In Britain, the Abortion Act of 1967 allows surgical abortions up to 24 weeks. A woman can still abort her baby after 24 weeks if doctors agree the mother's life is in danger or there is strong evidence that the fetus would be born with a severe disability.
The law, however, does not extend to religiously conservative Northern Ireland, where abortions are still banned unless a woman's life is in danger or at mental or physical risk. As a result an estimated 1,400-2,000 women from the British territory travel annually to England or other European Union nations to end their pregnancies.
"We have no real evidence because the unborn baby can't speak," said Bernie Smyth, director of Precious Life, an anti-abortion group active in both Northern Ireland and the Republic of Ireland. "The fact is babies have been born at 24 weeks, they have survived, and they do feel pain."

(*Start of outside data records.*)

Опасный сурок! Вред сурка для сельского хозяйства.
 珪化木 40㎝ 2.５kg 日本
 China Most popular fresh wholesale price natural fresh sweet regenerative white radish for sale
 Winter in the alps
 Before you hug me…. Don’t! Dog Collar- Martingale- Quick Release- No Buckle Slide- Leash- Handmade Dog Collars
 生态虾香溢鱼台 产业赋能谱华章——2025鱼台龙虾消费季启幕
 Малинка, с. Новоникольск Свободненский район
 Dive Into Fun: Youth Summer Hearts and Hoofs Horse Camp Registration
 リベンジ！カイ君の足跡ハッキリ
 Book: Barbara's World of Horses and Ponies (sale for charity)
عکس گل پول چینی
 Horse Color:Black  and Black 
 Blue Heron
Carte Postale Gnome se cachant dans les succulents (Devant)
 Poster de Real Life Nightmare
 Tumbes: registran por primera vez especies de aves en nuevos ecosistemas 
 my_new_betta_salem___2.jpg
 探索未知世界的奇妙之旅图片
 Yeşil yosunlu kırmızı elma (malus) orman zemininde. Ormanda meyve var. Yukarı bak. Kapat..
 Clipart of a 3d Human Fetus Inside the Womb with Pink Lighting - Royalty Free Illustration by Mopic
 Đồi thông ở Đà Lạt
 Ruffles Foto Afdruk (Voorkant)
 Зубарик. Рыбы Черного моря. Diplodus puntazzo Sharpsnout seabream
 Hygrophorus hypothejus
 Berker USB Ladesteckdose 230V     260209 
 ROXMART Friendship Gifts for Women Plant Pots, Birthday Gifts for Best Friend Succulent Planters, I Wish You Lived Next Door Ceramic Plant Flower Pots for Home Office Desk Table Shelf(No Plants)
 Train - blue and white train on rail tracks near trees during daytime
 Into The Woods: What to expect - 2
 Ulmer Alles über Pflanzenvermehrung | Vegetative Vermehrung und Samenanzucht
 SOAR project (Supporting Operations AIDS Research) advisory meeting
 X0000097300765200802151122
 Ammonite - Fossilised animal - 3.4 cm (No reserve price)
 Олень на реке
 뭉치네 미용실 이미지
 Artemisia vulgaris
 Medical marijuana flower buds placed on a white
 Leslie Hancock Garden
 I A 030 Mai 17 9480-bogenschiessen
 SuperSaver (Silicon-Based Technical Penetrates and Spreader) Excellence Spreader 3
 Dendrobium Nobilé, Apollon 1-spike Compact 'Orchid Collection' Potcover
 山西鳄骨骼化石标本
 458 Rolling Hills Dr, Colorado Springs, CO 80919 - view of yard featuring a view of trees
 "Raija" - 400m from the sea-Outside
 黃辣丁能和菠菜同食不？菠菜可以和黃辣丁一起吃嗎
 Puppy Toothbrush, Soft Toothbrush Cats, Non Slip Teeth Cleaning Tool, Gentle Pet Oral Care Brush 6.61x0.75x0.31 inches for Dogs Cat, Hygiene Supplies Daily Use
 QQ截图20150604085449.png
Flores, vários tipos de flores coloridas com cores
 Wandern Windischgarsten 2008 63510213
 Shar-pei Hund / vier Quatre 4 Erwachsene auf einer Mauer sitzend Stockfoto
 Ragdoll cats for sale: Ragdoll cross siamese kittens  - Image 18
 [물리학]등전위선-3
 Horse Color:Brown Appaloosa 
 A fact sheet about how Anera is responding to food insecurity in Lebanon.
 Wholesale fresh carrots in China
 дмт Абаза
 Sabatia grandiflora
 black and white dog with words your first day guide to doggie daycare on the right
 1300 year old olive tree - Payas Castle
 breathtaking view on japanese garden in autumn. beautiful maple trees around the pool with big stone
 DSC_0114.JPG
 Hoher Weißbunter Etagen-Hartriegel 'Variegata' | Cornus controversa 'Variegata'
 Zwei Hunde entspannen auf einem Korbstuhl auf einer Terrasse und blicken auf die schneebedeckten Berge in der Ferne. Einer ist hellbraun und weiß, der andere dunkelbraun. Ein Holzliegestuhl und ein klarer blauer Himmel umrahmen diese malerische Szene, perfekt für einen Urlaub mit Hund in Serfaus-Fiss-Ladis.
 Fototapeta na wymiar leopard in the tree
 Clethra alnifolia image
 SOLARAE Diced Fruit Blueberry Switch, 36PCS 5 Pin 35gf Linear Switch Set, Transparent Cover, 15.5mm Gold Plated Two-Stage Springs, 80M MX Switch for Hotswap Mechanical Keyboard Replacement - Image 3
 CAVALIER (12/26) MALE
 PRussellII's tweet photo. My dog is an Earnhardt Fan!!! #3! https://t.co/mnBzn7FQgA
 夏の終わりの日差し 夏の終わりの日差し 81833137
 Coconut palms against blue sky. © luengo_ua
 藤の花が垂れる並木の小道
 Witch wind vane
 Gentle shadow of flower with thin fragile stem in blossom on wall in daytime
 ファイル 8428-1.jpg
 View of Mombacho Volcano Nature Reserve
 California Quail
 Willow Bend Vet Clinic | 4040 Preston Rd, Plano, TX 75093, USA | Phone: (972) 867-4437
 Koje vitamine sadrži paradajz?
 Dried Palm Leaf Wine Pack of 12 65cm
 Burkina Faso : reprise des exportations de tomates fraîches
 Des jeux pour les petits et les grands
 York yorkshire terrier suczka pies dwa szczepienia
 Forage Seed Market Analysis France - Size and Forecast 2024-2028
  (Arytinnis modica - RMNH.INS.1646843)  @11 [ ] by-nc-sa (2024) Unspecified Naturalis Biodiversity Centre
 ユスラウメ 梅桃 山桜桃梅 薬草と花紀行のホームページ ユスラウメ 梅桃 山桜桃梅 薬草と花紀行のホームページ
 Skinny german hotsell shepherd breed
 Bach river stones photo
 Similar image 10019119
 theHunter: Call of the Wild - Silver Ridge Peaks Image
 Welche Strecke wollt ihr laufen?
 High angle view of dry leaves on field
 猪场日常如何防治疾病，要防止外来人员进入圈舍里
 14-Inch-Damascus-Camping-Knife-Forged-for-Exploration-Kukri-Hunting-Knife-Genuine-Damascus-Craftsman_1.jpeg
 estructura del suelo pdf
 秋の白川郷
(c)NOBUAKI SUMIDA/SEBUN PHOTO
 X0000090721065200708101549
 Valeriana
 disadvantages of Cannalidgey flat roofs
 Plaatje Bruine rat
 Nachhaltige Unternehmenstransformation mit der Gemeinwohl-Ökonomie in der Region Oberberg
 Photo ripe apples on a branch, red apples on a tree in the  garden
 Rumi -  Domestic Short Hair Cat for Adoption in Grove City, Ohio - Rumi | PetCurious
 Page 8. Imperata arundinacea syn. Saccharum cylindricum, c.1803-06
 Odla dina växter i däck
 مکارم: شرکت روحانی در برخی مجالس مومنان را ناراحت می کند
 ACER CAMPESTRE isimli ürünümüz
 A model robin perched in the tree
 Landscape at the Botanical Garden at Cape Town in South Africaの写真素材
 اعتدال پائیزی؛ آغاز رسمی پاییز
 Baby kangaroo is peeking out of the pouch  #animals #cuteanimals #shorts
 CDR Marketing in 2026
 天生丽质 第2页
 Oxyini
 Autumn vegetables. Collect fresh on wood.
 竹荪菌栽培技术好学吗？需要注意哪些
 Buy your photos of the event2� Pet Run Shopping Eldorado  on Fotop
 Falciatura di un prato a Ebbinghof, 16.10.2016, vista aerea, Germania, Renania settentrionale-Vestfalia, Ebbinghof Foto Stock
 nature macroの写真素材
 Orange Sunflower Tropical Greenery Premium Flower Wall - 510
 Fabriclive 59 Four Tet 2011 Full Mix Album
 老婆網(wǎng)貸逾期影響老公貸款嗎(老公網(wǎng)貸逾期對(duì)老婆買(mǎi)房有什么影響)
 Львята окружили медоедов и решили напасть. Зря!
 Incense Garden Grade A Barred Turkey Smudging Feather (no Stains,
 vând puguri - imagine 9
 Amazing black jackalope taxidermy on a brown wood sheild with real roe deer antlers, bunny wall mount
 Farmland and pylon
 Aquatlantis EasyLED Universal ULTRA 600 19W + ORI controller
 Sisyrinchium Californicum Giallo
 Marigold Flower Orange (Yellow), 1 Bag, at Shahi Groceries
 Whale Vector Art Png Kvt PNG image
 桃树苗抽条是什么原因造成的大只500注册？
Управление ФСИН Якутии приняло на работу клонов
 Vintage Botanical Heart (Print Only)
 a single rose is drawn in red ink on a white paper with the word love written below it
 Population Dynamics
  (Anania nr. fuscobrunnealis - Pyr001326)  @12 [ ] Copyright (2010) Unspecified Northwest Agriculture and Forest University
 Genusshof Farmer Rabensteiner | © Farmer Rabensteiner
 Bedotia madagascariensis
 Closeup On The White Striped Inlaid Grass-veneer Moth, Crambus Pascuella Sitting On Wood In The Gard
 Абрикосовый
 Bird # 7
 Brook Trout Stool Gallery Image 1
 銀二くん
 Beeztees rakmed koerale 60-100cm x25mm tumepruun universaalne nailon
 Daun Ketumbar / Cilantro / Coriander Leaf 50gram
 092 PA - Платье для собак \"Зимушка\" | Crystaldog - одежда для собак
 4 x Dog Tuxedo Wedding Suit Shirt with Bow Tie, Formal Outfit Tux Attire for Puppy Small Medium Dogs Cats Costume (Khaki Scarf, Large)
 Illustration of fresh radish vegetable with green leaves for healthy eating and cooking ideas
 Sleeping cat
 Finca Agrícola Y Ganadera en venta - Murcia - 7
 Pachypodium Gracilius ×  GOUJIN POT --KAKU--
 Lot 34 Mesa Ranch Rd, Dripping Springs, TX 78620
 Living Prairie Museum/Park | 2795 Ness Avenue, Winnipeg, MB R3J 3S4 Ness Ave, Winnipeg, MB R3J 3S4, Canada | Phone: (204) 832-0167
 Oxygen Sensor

Prime Minister David Cameron had backed reducing the limit to between 20 and 22 weeks before he came to power in May. The House of Commons voted in 2008 to keep the existing limit, and Cameron's office issued a statement Friday saying no changes were planned in the policy. It said the prime minister would be led in his decision by science.
Campaigners against abortions said the report's conclusions were not definitive and did not change their view that terminating pregnancies is wrong.
"Performing abortion humanely does not justify the fact that you are terminating a human life," said Josephine Quintavalle of the London-based Comment on Reproductive Ethics.
But supporters of the current abortion laws said the findings would reassure women considering a late-term termination.
"It is vitally important to protect a woman's right to access abortion services, and British law rightly recognizes this principle," said Tony Kerridge of the sexual health charity Marie Stopes International. "The findings should give comfort and reassurance to any woman who finds herself in the extremely distressing position of having to make the decision to terminate a pregnancy at a later gestation."
The charity said late abortions were extremely rare in Britain. Last year there were fewer than 3,000 abortions above 20 weeks gestation, Kerridge said.